Review: Spill Zone by Scott Westerfeld & Alex Puvilland

Sunday, June 4, 2017
Title: Spill Zone
Authors: Scott Westerfeld, Alex Puvilland (illustrations), Hilary Sycamore (colorist)
Genre: post-apocalyptic
Series: The Spill Zone #1
Pages: 224
Published: May 2 2017
Source: finished copy for review from publisher
Rating: 3.5/5

Three years ago an event destroyed the small city of Poughkeepsie, forever changing reality within its borders. Uncanny manifestations and lethal dangers now await anyone who enters the Spill Zone.

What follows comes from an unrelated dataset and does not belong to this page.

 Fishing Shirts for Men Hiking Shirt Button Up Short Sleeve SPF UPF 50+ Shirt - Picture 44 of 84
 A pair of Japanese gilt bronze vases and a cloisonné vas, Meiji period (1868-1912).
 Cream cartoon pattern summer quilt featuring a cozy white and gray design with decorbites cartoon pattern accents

The Spill claimed Addison s parents and scarred her little sister, Lexa, who hasn t spoken since. Addison provides for her sister by photographing the Zone's twisted attractions on illicit midnight rides. Art collectors pay top dollar for these bizarre images, but getting close enough for the perfect shot can mean death or worse.

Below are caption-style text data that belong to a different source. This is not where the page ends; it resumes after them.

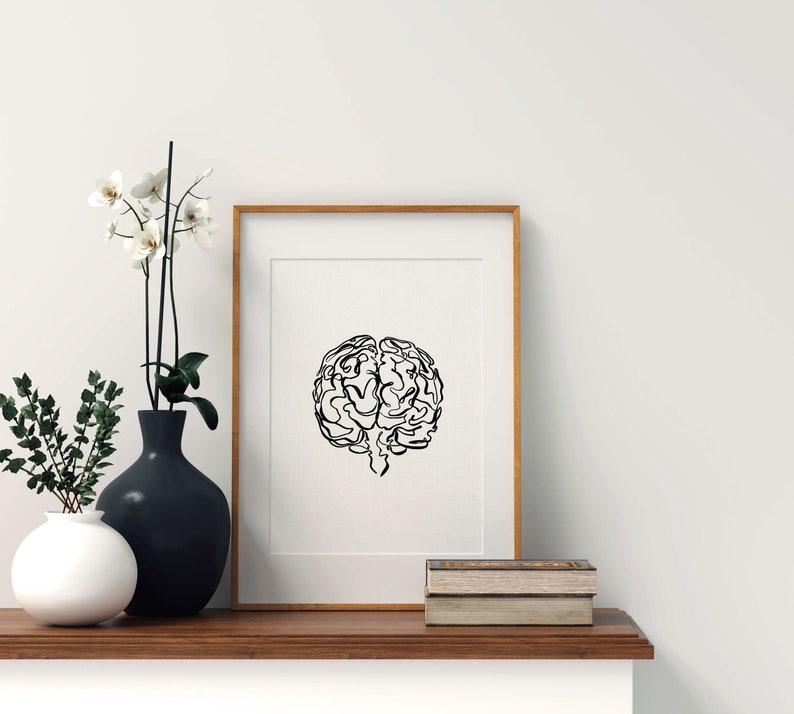 Abstract Brain Art Print Set, Cerebrum Printable Line Art, Anatomy Wall ...
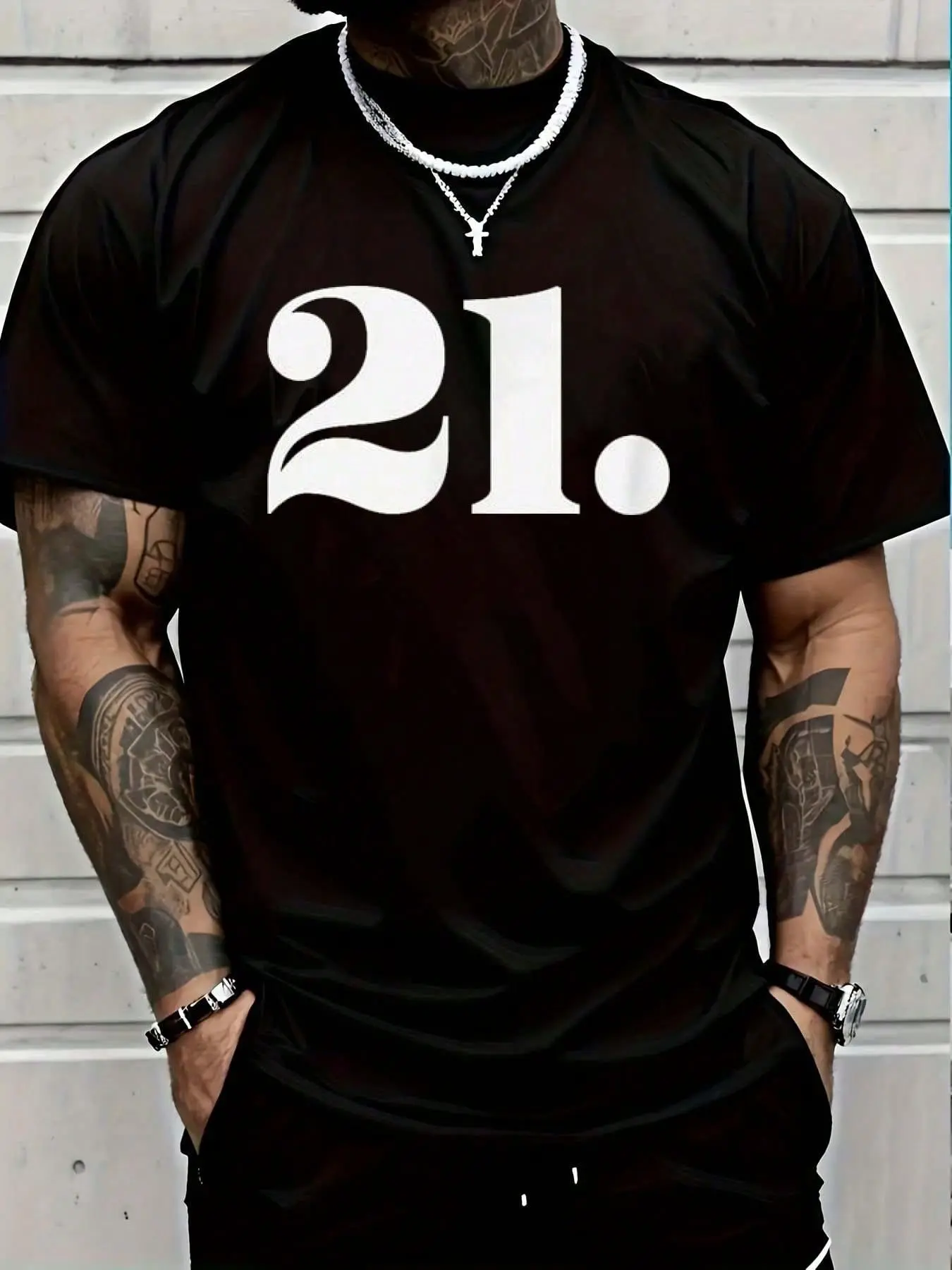 Men's 100% Cotton Vintage 21st Birthday Graphic T-Shirt - Streetwear Casual Crew Neck Distressed Short-Sleeve Tops for Summer, 21-Year-Old Menswear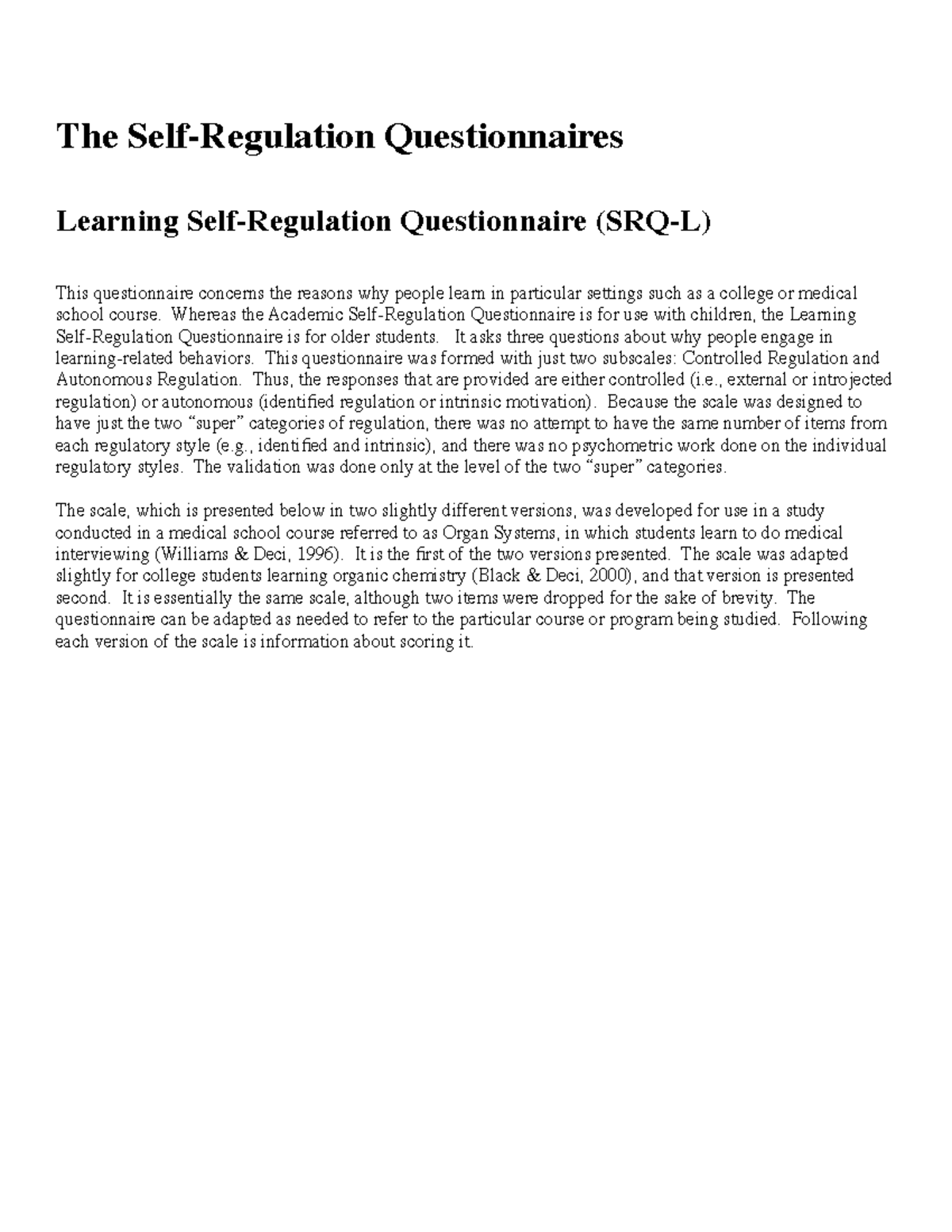 Srqlearning Questionnaire Sample The SelfRegulation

When an eccentric collector makes a million-dollar offer, Addison breaks her own hard-learned rules of survival and ventures farther than she has ever dared. Within the Spill Zone, Hell awaits and it seems to be calling Addison's name.


Like The Spill Zone itself, I'll be brief, blunt, and just a bit undeveloped in my review of it. This new graphic novel can be a pretty inventive and is a very fast-moving read, but it fell through on creating any real emotion or investment for its world or characters. 

Things move too fast with too little clarity in both the art and the text about what happened before and what, exactly, is happening now. If you're the type of reader who needs definitive answers about inciting incidents or what or how the "meat puppets" exist, or what exactly that thing is chasing Addison... well, be aware that Spill Zone is the kind of book that provokes more questions than provides answers.

Good points:
strong bond between two orphaned, pariah sisters
Vespertine - a creepy doll? may or may not be eeevil but is certainly sinister and needs to be "recharged" by the Zone
interesting storyline hinging on a unknown Incident sure to come up in later books
sinister atmosphere - even with little narrative and unclear pictures
wolf-ghost thing with long-ass legs?
badass motorcycle adventures in mysterious Spill Zone 
weirdly memorable and unique


Not-So-Good:
only Addie and creepy doll have any presence 
the art is rather... hazy? It can be hard to see exactly what's happening
way too shot; events are quick and sometimes rushed
complete NONENDING
seriously, there is no ENDING, the book just STOPS.



For the launch of a new graphic novel series, Spill Zone entertains in its 224 pages, but it also leaves something to be desired. There's a lot of potential for both Poughkeepsie and for Addie but later books will need to spend more time developing the world and its people to sustain any real interest.